#### WHAT YOU NEED TO DO:
Exactly as written, set down each line of the data below except its pictures.

#### MATERIAL PROVIDED:
════════

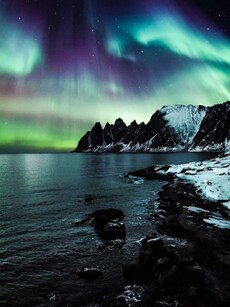 Stunning Images of Green Auroras
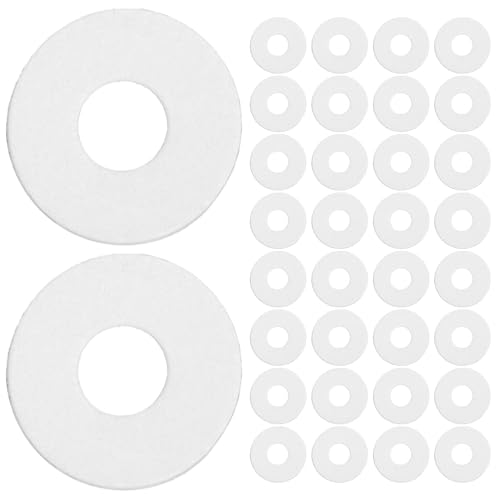 SOPOTUTU 500 Pezzi Rondelle in Vinile Trasparente M4*10 * 1Mm Guarnizioni Piatte Isolate Resistenti al Calore Rondelle per Maniglie Porte Doccia e Viti Accessori per Manutenzione e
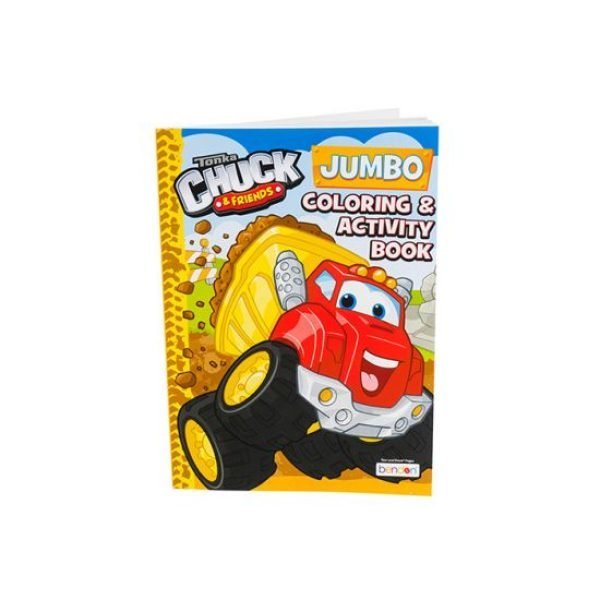 Jumbo Colouring & Activity Book - Tonka Chuck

════════

#### ANSWER BELOW:
 Stunning Images of Green Auroras
 SOPOTUTU 500 Pezzi Rondelle in Vinile Trasparente M4*10 * 1Mm Guarnizioni Piatte Isolate Resistenti al Calore Rondelle per Maniglie Porte Doccia e Viti Accessori per Manutenzione e
 Jumbo Colouring & Activity Book - Tonka Chuck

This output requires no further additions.